Le Acli ci vogliono tutti politici

La fiducia nella preghiera e nel dialogo sul fronte della guerra alimentano in questi giorni di fine-emergenza sanitaria un irresistibile desiderio di rimetterci “in movimento”. Proprio così le Acli trentine hanno intitolato sabato scorso il loro prezioso convegno primaverile, sbrigativamente e superficialmente interpretato come un lancio precoce della corsa elettorale. La pista (ad ostacoli) battuta con coerenza dalle ACLI è infatti quella più lunga e graduale della formazione e della coscientizzazione, fondata sull’esigenza di “Ri-costruire comunità”, come diceva il motto dei precedenti incontri territoriali.

Sarebbe anche antistorico pensare che la radicata associazione dei lavoratori punti a sedersi al tavolo di una coalizione di centrosinistra autonomista (un tavolo già molto affollato in Trentino dopo l’esordio dell’aggregazione Campobase, il dinamismo di Azione, la ripartenza di Futura, lo scalpitare del Patt già a congresso…) o che stia tirando una “volata lunga” al proprio presidente. Quando in passato esponenti aclisti si erano gettati nella mischia partitica (si pensi ad Aldo Marzari o Carlo Alessandrini), la discesa in campo era avvenuta a conclusione del servizio ecclesiale ed in termini personali, per non rinnovare gli errori di un collateralismo del passato.

Merito di Luca Oliver, applaudito sabato dagli esponenti politici come uditori alla Sala della Cooperazione, è stato quello di individuare lucidamente molti elementi di novità con cui preparare il 2023 dal doppio appuntamento elettorale, nazionale e provinciale. “La comunità deve tornare ad essere un serbatoio di idee e di valori da inserire nell’agenda politica – ha detto in sostanza Oliver – altrimenti le istituzioni si ridurranno a semplici amministrazioni”. E dall’altra parte “è necessario che anche la politica torni nella comunità, cedendo una parte della sua sovranità, aprendosi ai cittadini attraverso nuovi strumenti inclusivi e partecipativi per alimentarsi di nuove energie civiche”.

Una sintesi impegnativa perfettamente allineata con quanto espresso sabato dall’arcivescovo Lauro che invita “i politici a riprendere il contatto con la comunità”, evitando i rischi di un’élite che cura il proprio orto mentre i cittadini stanno fuori “a fare soltanto il tifo”. “Siamo tutti politici”, cioè chiamati a contribuire dal basso all’elaborazione del bene comune a favore della polis, è stata la frase-mantra emersa dai gruppi di lavoro.

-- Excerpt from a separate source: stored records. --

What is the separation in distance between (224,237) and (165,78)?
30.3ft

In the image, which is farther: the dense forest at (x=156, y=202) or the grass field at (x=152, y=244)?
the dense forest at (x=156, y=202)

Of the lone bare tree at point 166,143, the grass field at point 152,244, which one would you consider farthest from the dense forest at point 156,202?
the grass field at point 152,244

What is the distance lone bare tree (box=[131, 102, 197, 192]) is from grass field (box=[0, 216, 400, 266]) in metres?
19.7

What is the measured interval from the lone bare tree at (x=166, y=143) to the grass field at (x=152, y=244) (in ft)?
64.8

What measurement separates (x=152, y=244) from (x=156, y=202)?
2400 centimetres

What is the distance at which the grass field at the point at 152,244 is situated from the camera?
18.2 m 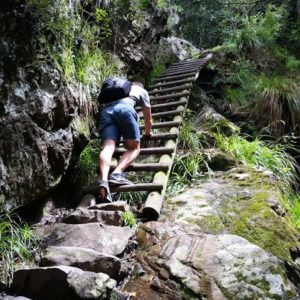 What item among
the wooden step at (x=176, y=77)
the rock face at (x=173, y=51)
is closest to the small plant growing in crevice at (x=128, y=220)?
the wooden step at (x=176, y=77)

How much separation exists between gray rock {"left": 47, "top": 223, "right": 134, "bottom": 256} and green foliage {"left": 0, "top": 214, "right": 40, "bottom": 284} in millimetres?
146

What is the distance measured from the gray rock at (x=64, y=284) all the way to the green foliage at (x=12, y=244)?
262mm

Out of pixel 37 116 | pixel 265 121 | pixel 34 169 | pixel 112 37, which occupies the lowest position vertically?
pixel 265 121

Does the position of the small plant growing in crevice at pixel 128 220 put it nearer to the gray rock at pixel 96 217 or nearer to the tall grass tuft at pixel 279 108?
the gray rock at pixel 96 217

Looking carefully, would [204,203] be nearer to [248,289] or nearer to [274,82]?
[248,289]

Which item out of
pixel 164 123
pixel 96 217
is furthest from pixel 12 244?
pixel 164 123

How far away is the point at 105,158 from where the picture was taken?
3738mm

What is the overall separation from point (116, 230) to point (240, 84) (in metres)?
5.52

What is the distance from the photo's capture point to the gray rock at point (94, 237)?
263 centimetres

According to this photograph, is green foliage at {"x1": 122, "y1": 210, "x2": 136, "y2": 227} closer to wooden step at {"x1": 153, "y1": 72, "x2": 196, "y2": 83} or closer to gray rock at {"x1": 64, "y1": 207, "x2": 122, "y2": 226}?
gray rock at {"x1": 64, "y1": 207, "x2": 122, "y2": 226}

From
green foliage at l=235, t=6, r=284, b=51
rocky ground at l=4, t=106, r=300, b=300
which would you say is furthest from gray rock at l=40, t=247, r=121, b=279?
green foliage at l=235, t=6, r=284, b=51

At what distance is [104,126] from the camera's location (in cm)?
408

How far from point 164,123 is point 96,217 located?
92.4 inches

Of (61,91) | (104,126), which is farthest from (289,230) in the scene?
(61,91) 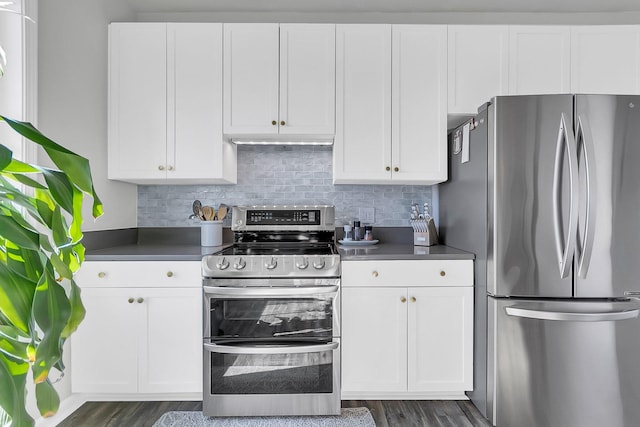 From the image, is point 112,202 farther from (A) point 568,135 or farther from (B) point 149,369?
(A) point 568,135

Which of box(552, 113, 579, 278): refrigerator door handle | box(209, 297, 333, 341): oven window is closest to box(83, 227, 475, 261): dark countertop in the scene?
box(209, 297, 333, 341): oven window

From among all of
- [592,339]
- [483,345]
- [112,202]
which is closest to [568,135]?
[592,339]

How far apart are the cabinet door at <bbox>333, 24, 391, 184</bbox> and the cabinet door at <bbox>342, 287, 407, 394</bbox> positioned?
78cm

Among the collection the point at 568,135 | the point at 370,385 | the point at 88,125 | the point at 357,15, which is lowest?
the point at 370,385

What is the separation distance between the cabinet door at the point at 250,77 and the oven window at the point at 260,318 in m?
1.08

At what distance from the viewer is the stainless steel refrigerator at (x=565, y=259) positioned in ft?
5.99

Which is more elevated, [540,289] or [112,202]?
[112,202]

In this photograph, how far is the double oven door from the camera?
6.79ft

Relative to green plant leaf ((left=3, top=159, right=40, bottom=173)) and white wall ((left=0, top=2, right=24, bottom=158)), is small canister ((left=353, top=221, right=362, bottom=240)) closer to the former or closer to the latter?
white wall ((left=0, top=2, right=24, bottom=158))

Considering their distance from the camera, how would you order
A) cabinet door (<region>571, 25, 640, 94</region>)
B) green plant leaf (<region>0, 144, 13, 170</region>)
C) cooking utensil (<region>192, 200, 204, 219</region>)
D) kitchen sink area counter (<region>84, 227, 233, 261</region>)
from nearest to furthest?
green plant leaf (<region>0, 144, 13, 170</region>)
kitchen sink area counter (<region>84, 227, 233, 261</region>)
cabinet door (<region>571, 25, 640, 94</region>)
cooking utensil (<region>192, 200, 204, 219</region>)

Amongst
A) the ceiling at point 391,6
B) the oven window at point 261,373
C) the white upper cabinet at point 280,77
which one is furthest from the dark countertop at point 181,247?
the ceiling at point 391,6

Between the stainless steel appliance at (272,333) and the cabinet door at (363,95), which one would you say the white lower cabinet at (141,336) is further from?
the cabinet door at (363,95)

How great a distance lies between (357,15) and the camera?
2824 millimetres

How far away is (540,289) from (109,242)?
8.24ft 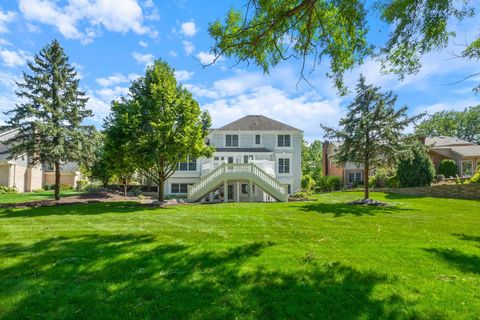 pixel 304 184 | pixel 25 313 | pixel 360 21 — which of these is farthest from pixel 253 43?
pixel 304 184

Lo stesso don Lauro l’ha rilanciata come motore personale e comunitario che riaccenda a pieni giri la partecipazione dopo l’esperienza della pandemia “che non dobbiamo peraltro sprecare”.

Di cosa riempire il serbatoio, in vista del 2023? Di questa visione comunitaria – non elitaria – della politica, dalla quale soltanto potranno uscire volti credibili (possibilmente anche più giovani dell’attuale media regionale) da mettere in lista. Di una visione retrospettiva che valorizza il cambio di passo (condivisione, sobrietà, sostenibilità non solo ambientale…) imposto dalla pandemia e ora dalle “scelte di pace col portafoglio” (vedi economia civile). Di un atteggiamento realista che riconosce le difficoltà di questa legislatura (la squadra esordiente di Fugatti ha impattato con la tempesta Vaia, con il Covid e la guerra…), stimolando ogni coalizione a rinnovarsi. Che tutti si mettano davvero in movimento – anche gli avversari politici – è un beneficio collettivo.

Infine, c’è anche bisogno di un rapporto nuovo tra partiti, poteri economici e mondi vitali: la conflittuale crisi attraversata in questi giorni dai vertici dei cugini altoatesini della SVP dovrebbe suonare come un salutare campanello d’allarme. Anche per noi. Insomma, per non essere un’altra falsa partenza questo movimento verso le urne 2023 dovrebbe esporsi anche a qualche rischio coraggioso come quello che guidò Alcide Degasperi nella ricostruzione postbellica. Lo intraprese “come una missione ispirata dalla fede”, come testimoniava la figlia Maria Romana che da oggi guarda dal Cielo anche la nostra cinquantennale Autonomia.